This week the British library released a report of research designed "to identify how the specialist researchers of the future, currently in their school or pre-school years, are likely to access and interact with digital resources in five to ten years’ time."
- Pioneering research shows ‘Google Generation’ is a myth, British Library, Press Release, 16 January 2008.
- Information Behaviour of the Researcher of the Future (PDF format; 1.67MB)
The reseach addresses the "media hype surrounding the ‘Google generation’ [those born after 1993] phenomenon" with an aim "to help library and information services to anticipate and react to any new or emerging behaviours in the most effective way."
Two things jumped out at me in the report. First, the idea that there is a "google generation" that has different information-seeking behavior from other generations because it has grown up with the Internet, the Web, search engines, and so forth, is largely false.
In many ways the Google generation label is increasingly unhelpful: recent research finds that it is not even accurate within the cohort of young people that it seeks to stereotype.
As Ian Rowlands says, there is a lot of "powerpoint puff" about this idea of a very different "google generation" ("Net Generation", "Digital Natives", "Millennials") and "many people have instant opinions" about it, but, until now, we have had very little evidence to support the assumptions. Now we have some research that says that "Many of the claims made on behalf of the Google Generation in the popular media fail to stack up fully against the evidence."
Second, there are changes in how all people seek information and do research. As the report notes: "much writing on the topic of this report overestimates the impact of ICTs [Information and Communications Technologies] on the young and underestimates its effect on older generations" [emphasis added]. The information seeking behavior of researchers, not just young people, but professors, lecturers and practitioners, has changed significantly.

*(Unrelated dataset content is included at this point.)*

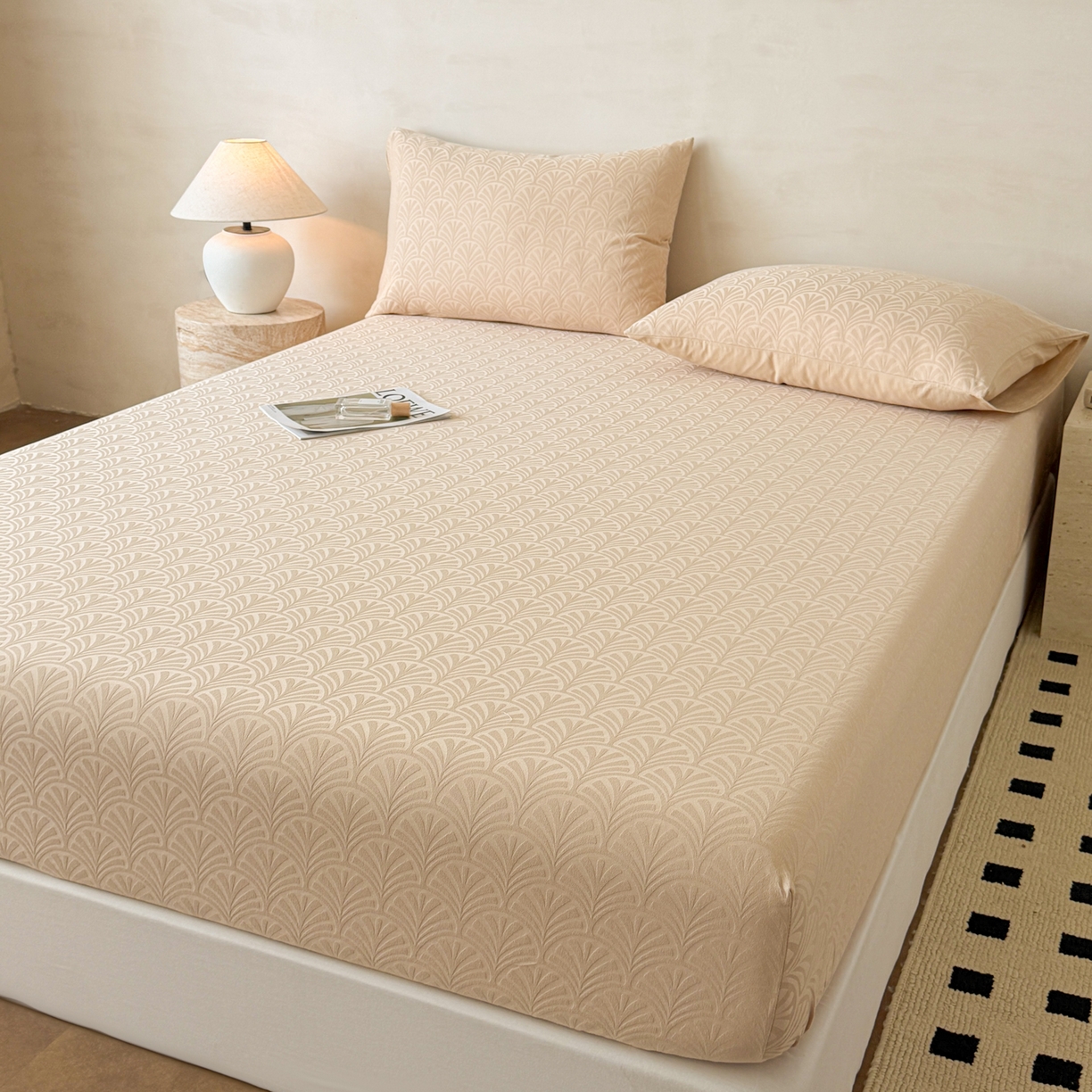 91家纺网 家纺一手货源 找家纺 眠博士 2026新款60S水洗立体提花床笠-场景二 床笠-杏影-卡其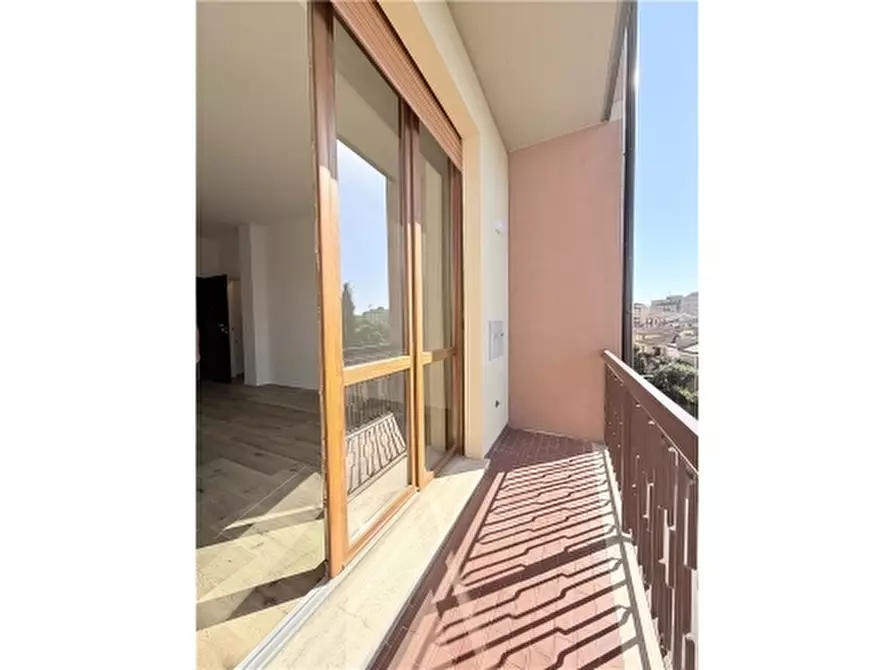 Immagine 4 di Appartamento in vendita  a Scandicci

Everyone exhibits a bouncing / flicking behaviour, which sees them searching horizontally rather than vertically. Power browsing and viewing is the norm for all. [emphasis added]
There is a lot of interesting information in this study and it deserves to be read by every librarian. In its conclusions, I noticed several themes that we’ve emphasized about government information here at FGI:
The significance of this for research libraries is threefold:
- they need to make their sites more highly visible in cyberspace by opening them up to search engines [e.g., Is your search engine finding the government information you need?]

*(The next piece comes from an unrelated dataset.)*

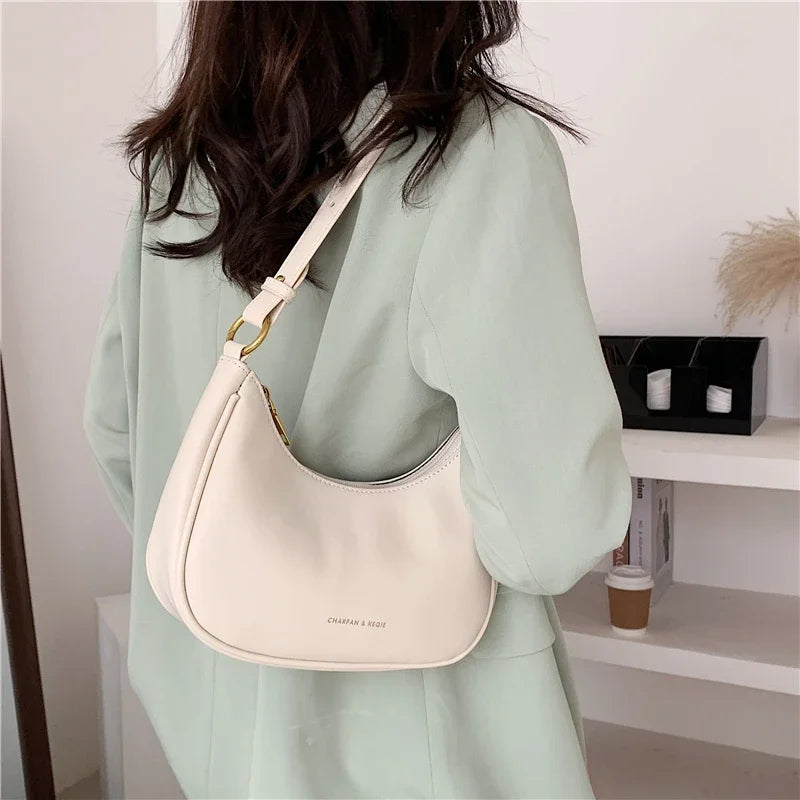 Underarm Bag for Women's Summer New Trendy and High end Crossbody Bag SPECIFICATIONSBrand Name: NoEnName_NullHign-concerned Chemical: NoneHandbags Type: Shoulder BagsMain Material: PULining Material: POLYESTERShape: BaguettePlace Of OrDMEwomenstorenull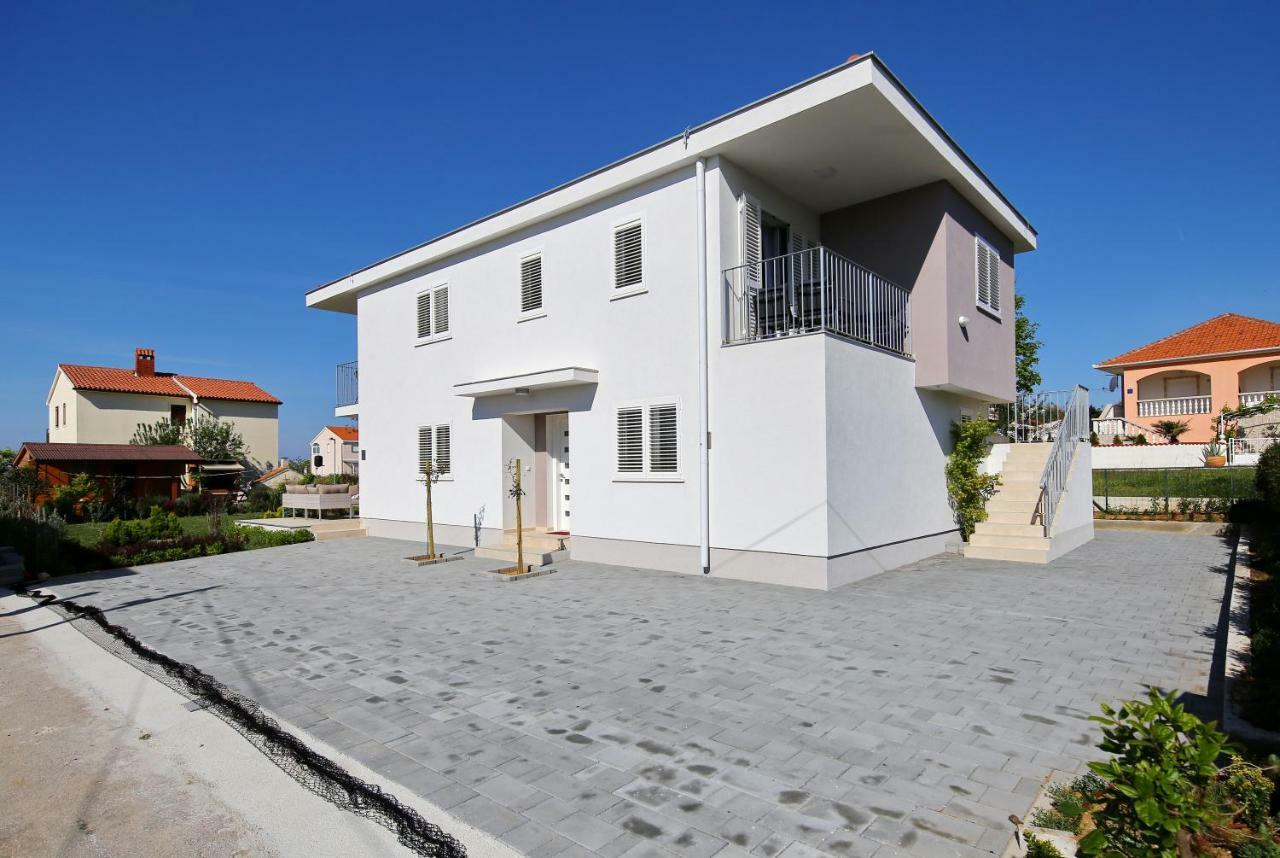 Valadar Apartments Привлака Экстерьер фото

- they should abandon any hope of being a one-stop shop. [Having a one-stop, single repository (GPO’s "Federal Digital System") as the only digital repository of government information is not as good an idea as supplementing such a monolithic repository with many subject collections that mingle non-government information with government information. See, Government Information in the Digital Age: The Once and Future Federal Depository Library Program]
- they should accept that much content will seldom or never be used, other than perhaps a place from which to bounce. [Preservation of the less-used and seldom used materials will continue to be a cost drain on a government that is using cost-savings as a reason to justify its digital decisions. See, e.g., Be aware: semi-annual regulatory agenda is 1,700-pages online, 483 pages in print and GPO’s Budget and Priorities.]